Sedona Scandal - Lisa Kessler

CHAPTER 1

Wendy

I hated the full moon. It didn’t change what was about to happen, though. I glanced up at the Technicolor sky and pushed my legs to move faster. Sweat stung my eyes as I made my way to the top of Lookout Mountain. The view of Phoenix was spectacular, and in the heat of summer it would be deserted.

I had to think about things like that now that I was a werewolf.

Some days I wished the wolf had just killed me.

By the time I crested the mountain, my first canteen was nearly empty. Good thing I had brought a backup. After the shift, I would be famished and parched. I took off my backpack and dropped it onto the rocky ground at my feet. Lookout Mountain was composed of ancient volcanos, making the rocky terrain tricky for hikers. In the dark, the mountain peak became even more treacherous, killing more than a few people over the years.

The danger kept it deserted at night and made it the perfect place for me to shift without being seen. But with any luck, I wouldn’t have to worry about it for much longer. Deidra Harlow promised me a cure was on the horizon.

Growing doubts gnawed at my insides. She’d been making me that same promise for months. Just over three years had passed since the night two massive wolves cornered me and my brother. One attacked us, while the other stayed back. Maybe a lookout. I’d probably never know for sure.

One bite from a rabid wolf had ruined my life, and hundreds of blood samples and tests later, I was still spending full moon nights alone on this mountain.

So damned alone.

How much longer could I keep living like this?

A gust of hot wind pulled at my ponytail. My long blond hair obstructed my view of the sunset as I unzipped my pack. My monthly tradition had evolved over months of trial and error. After being bitten, one of the werewolves shifted back. I remembered looking way up, but somehow, his face…I couldn’t remember. Maybe the shock had stolen that memory, but his instructions were burned into my consciousness. Stay away from humans during the full moon, and never come back to the Sedona.

I discovered the rest on my own.

I took my cell phone out and opened my e-mail.

Let’s talk.

Chandler Williams

CBS Phoenix

Chandler Williams was the co-anchor of the evening news. I’d been watching him for weeks as I weighed my options. If I decided to give him my story, to tell the world werewolves were real, my hope was that the government would take notice and help me find a cure. Chandler was a well-respected journalist. People would listen if he reported my situation.

I stared at the email a second longer. This was my last chance to back away and keep hiding. Was I ready to talk? I lifted my gaze to the painted desert below, surprised to find tears rising in my eyes. If I took this step, there would be no turning back. Once I went to the press, my life would never be the same. I could kiss the Cain Foundation goodbye and the final link to my parents and my brother would be destroyed. Not to mention the world would know werewolves were real, that I was a werewolf.

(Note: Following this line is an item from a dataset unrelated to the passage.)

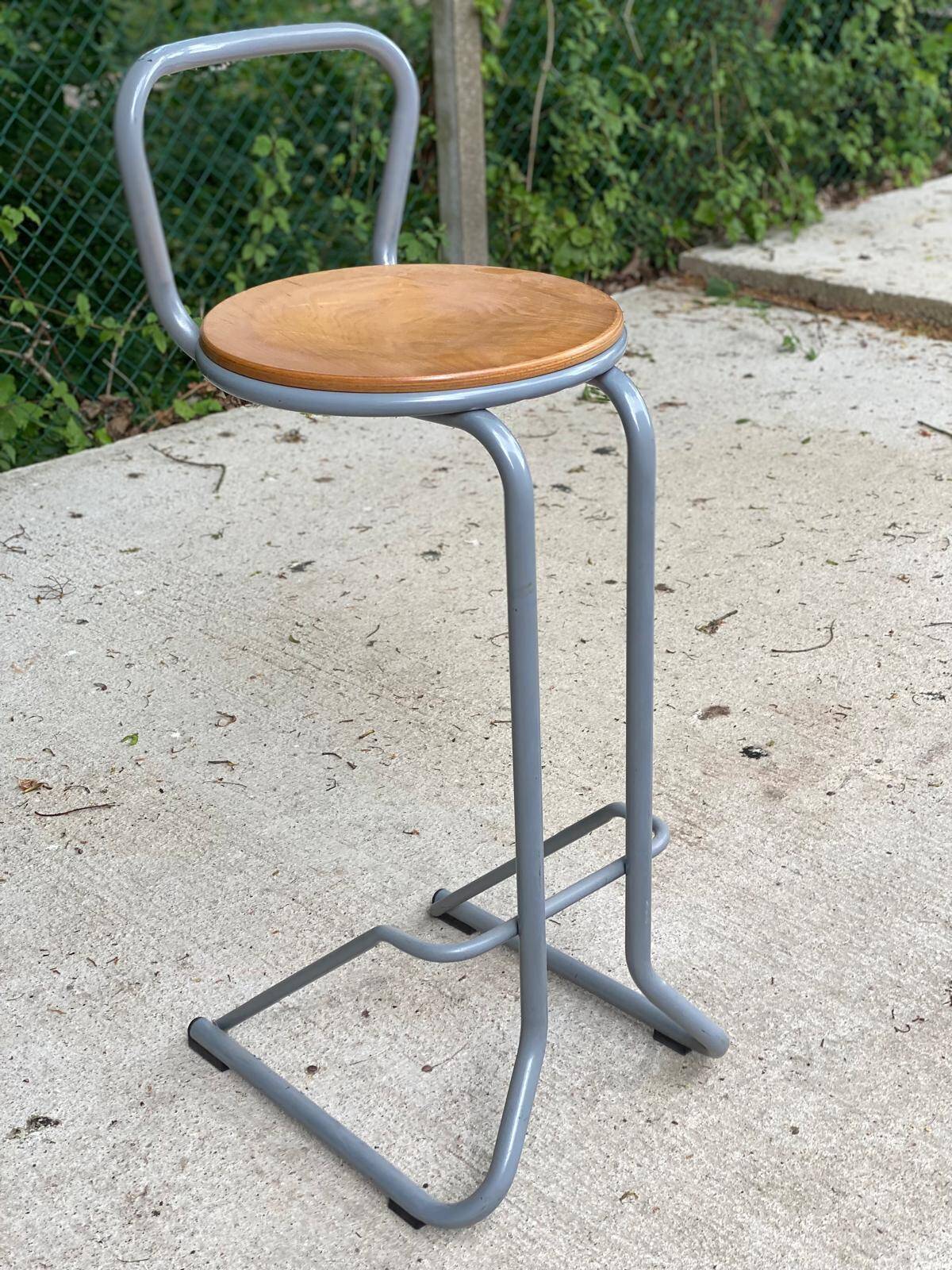 Tabouret de bar en acier courbé gris et bois massif 80cm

Did I care? If Deidra and all her researchers at Evolution Defense couldn’t unravel the mystery of the new mutation in my DNA, maybe the scientists at the Pentagon could. This might be my only chance at a cure. And if I went to the press first, the government wouldn’t be able to eliminate me and erase the problem. Too many people would know for them to sweep me under the rug.

But on the other hand, what good would a cure be if my life was ruined?

I swiped a tear from my cheek, tipping my attention back to my phone. My life had been ruined the second a giant wolf bit my brother and me. The wolf took Brock and left me behind. After a year of private investigators coming up empty, I gave up searching for him and began mourning him instead. Grief was something I understood. Intimately.

This new existence, living in the shadows, this wasn’t a life. I had nothing more to lose.

Before I could change my mind, my thumbs flew across the digital keyboard.

Tomorrow night after the evening news. Symphony Hall. A ticket will be waiting under your name at will call.